Lindroth, Malin: Ungebunden

Eine tiefgründige Auseinandersetzung mit der brisanten Thematik der „alten Jungfer“.

„Ungebunden“ – Ein Buchtitel, der viele Assoziationen auslöst und mich deshalb unglaublich neugierig machte. Freiheit und Unabhängigkeit sind Schlagwörter, die sich aufdrängen, aber kurz danach kommen auch andere Gedanken auf: beziehungslos, haltlos, heimatlos, allein.

Malin Lindroth, zum Zeitpunkt der Entstehung des Textes im Jahr 2017 52 Jahre alt, erzählt in diesem persönlichen Werk sehr reflektiert, offen und ehrlich von schmerzhaften Erfahrungen und wirft dabei viele interessante Fragen auf.

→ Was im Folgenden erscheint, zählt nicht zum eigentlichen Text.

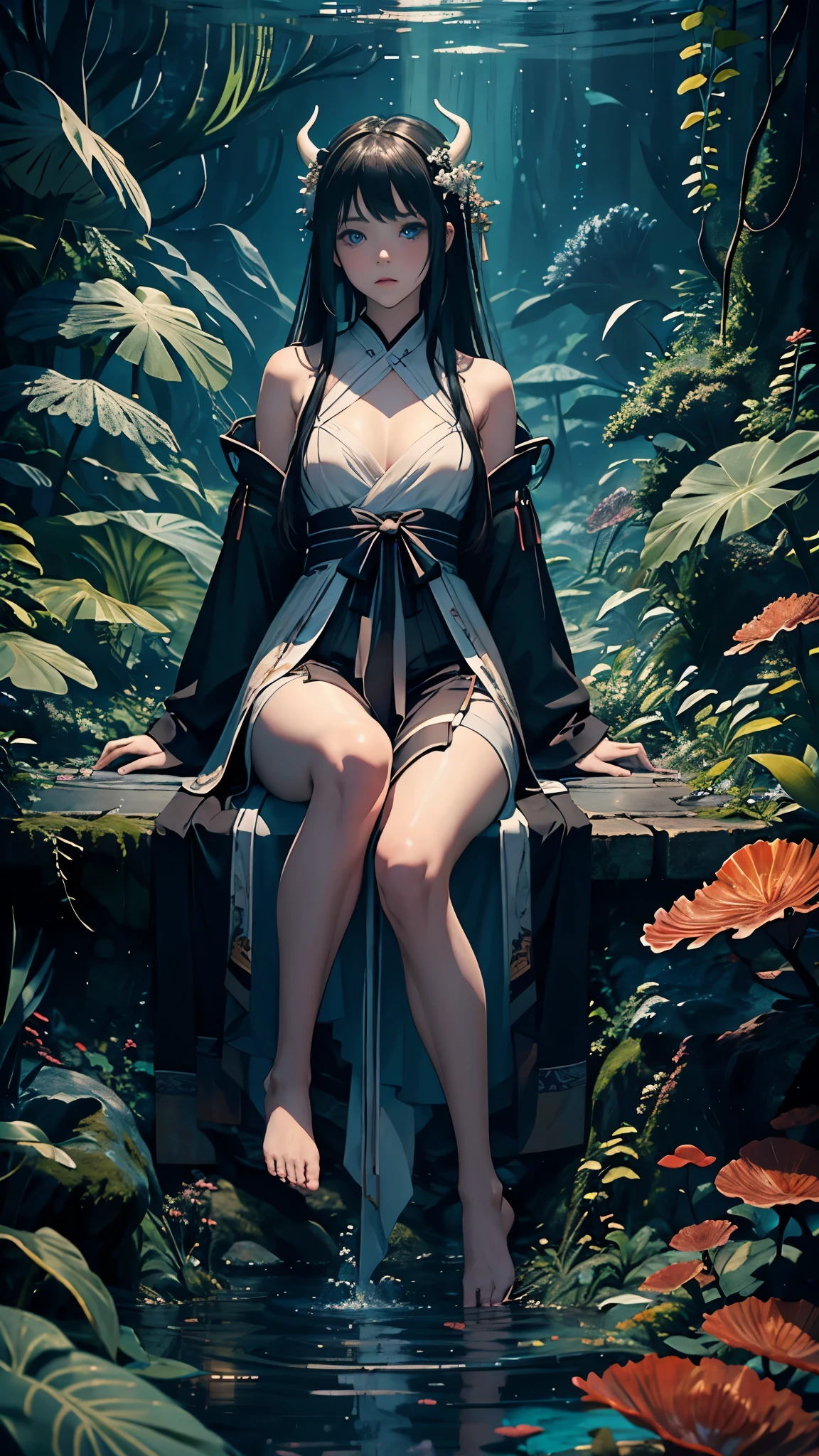 photorealistic: 1.4), (masterpiece, side lighting, beautiful finely detailed eyes: 1.2),a woman sitting legs open, legs wide open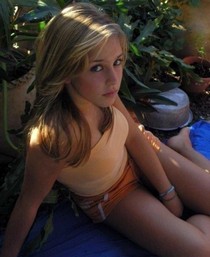 Stunning blonde coed in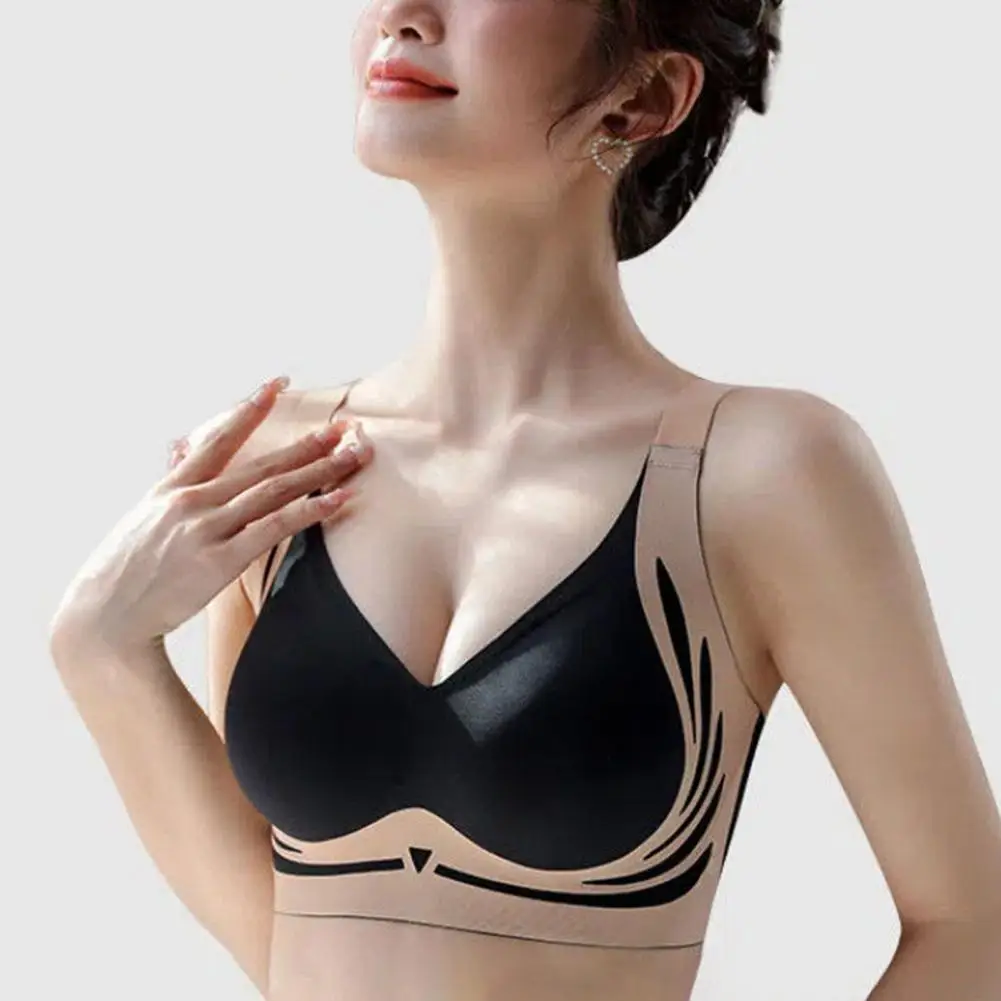 2024 Women Bra Elastic Shoulder Strap Wireless 3D Cup Push-up Sport Yoga Bra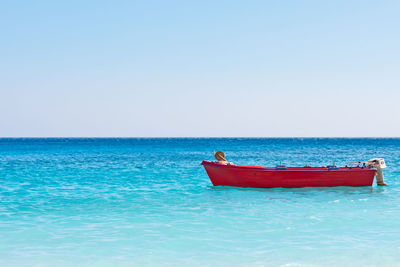 Scenic view of sea against clear sky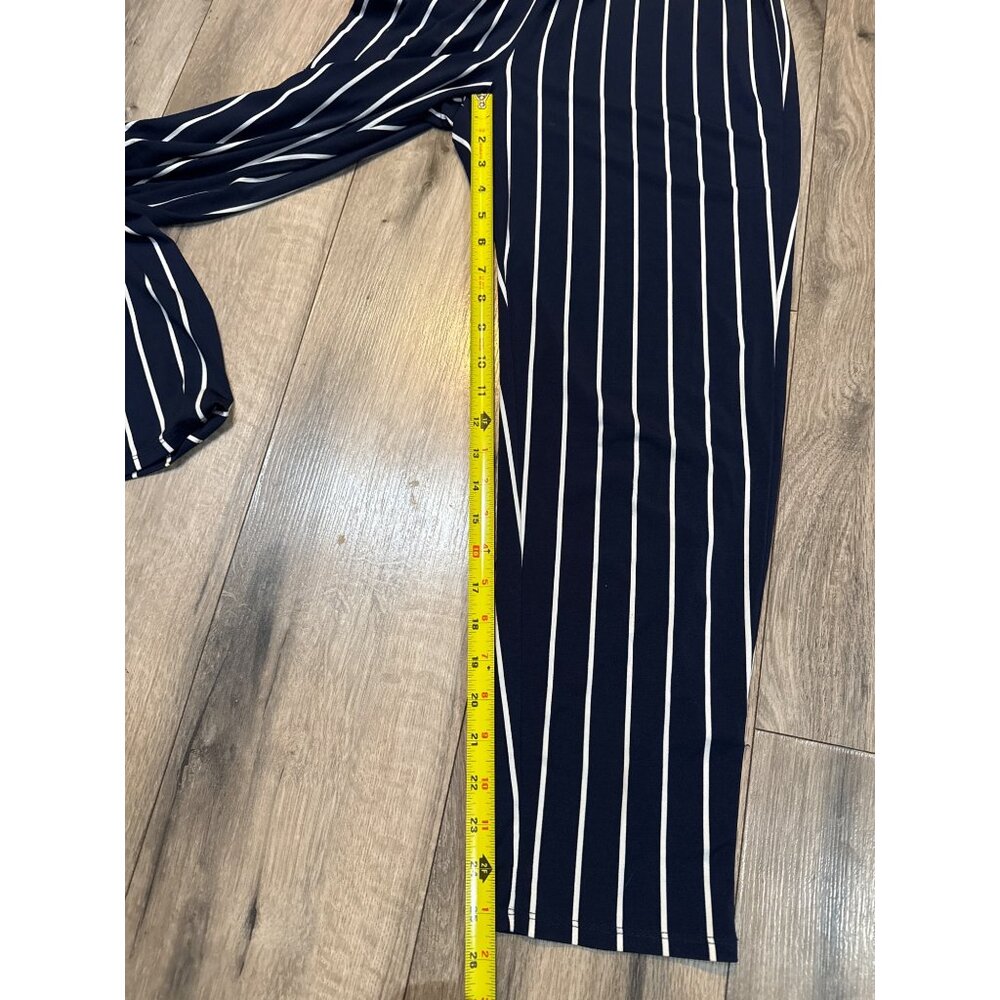 Navy & White Striped Jumpsuit Express XS Short Sleeves V-Neck & Elastic Waist - Picture 4 of 10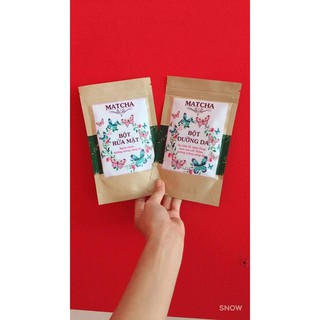 Bột rửa mặt thảo dược matcha handmade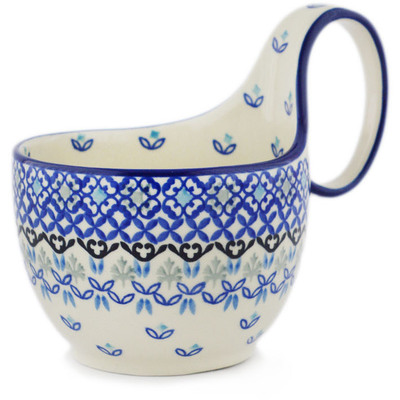 Polish Pottery Bowl with Loop-Handle 16 oz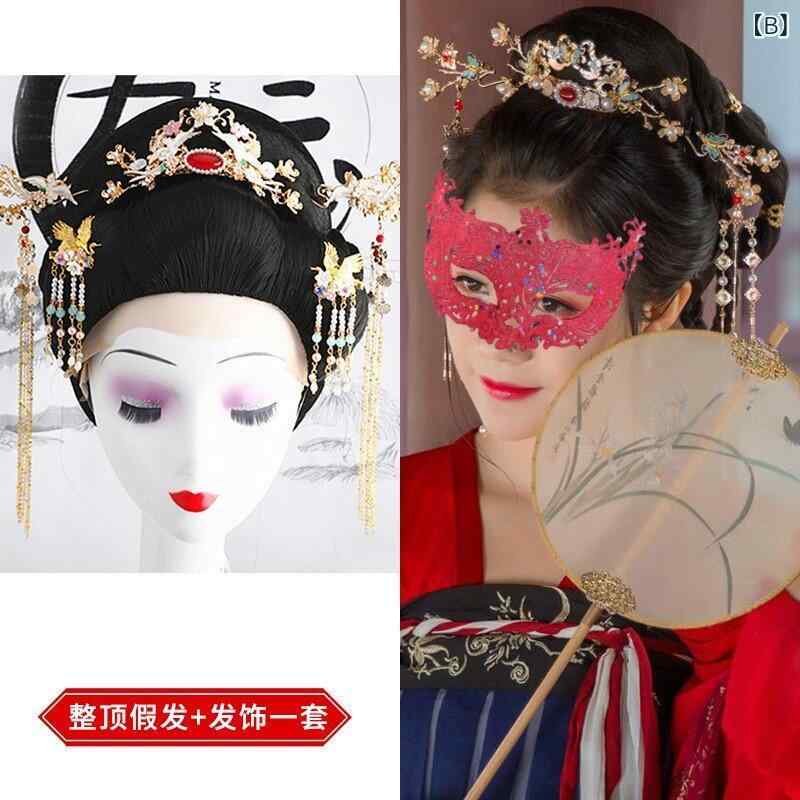 女性用 かつら レトロ フル ヘッド ショート ストレート ヘアウィッグ 通気性の ある 自然な 皇帝の 側室 ファッション レディース ドレス 高温 ヘア セット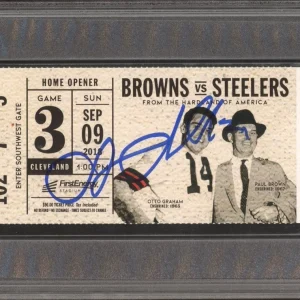 Nick Chubb Signed NFL DEBUT 9/9/2018 Ticket Stub PSA GEM MINT 10 AUTO BROWNS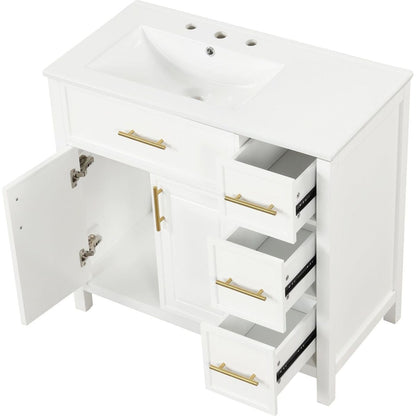 36" Bathroom Vanity with Sink Top, Bathroom Vanity Cabinet with Two Doors and Three Drawers, Solid Wood, MDF Boards, One Package, Off White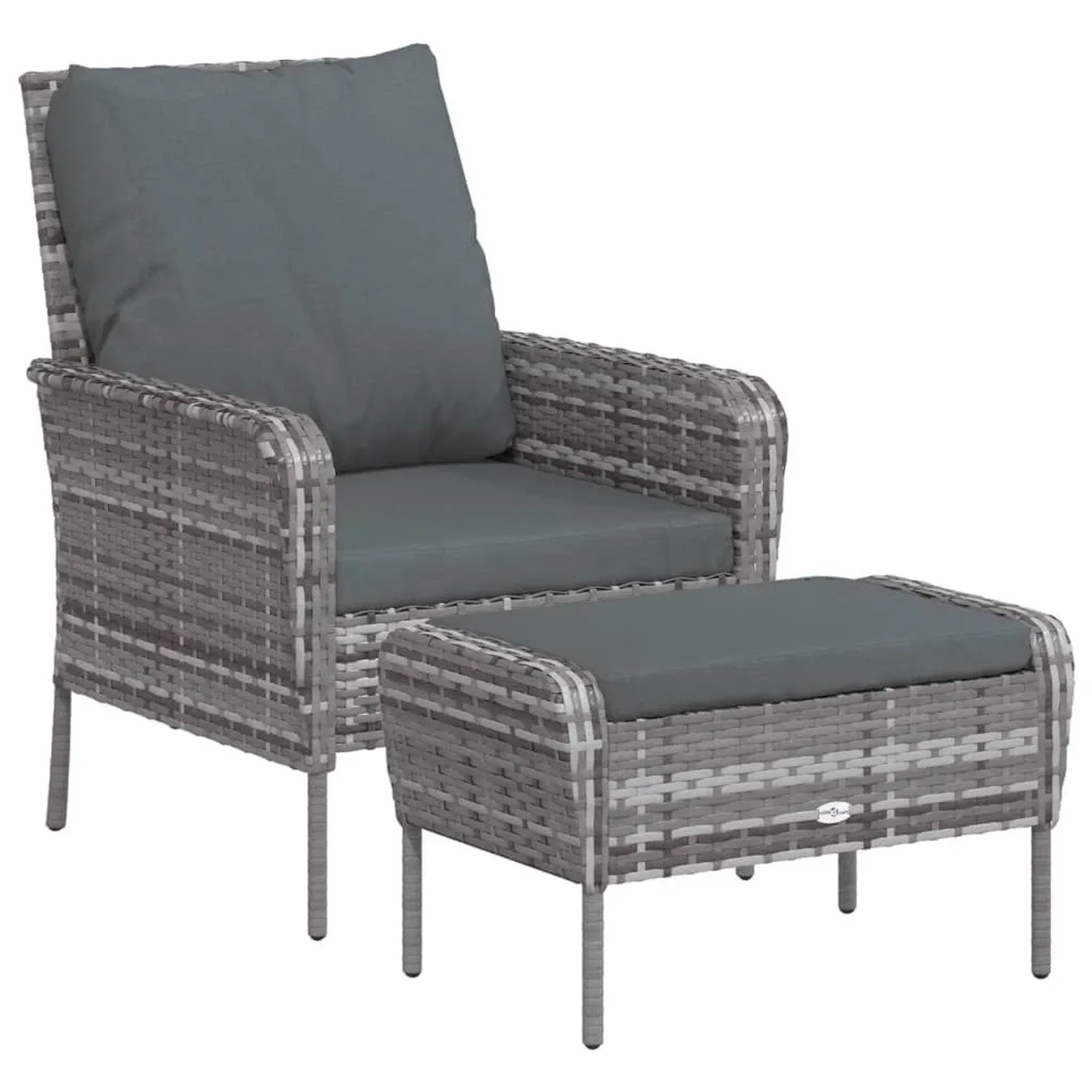 Furnicato Gartenstuhl Grau Pe Rattan Mit Fußhocker 69 X 78 X 88 Cm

Es geht dabei nicht nur um ihr unfreiwilliges Dasein als sog. „alte Jungfer“, das trotz der Fähigkeit, damit gut zurechtzukommen, zuweilen Verbitterung, Zorn, Trauer und Neid bedingt, sondern auch um den Begriff an sich und um die Bedeutung dieses Beziehungsstatus im Verlauf der gesellschaftlichen Historie, vom Mittelalter bis Heute.

Malin Lindroth erzählt im Speziellen von ihrem unerfüllten Beziehungsleben und Singledasein. Sie hat viele Zurückweisungen und Enttäuschungen erlebt und musste immer wieder erleben, dass sich ihre Wünsche nicht erfüllen ließen.

Sie beschreibt damit einen Zustand bzw, eine Lebensform, der bzw. die vom Üblichen abweicht und deshalb von Vielen, auch zuweilen von ihr selbst, kritisch und abwertend beurteilt wurde.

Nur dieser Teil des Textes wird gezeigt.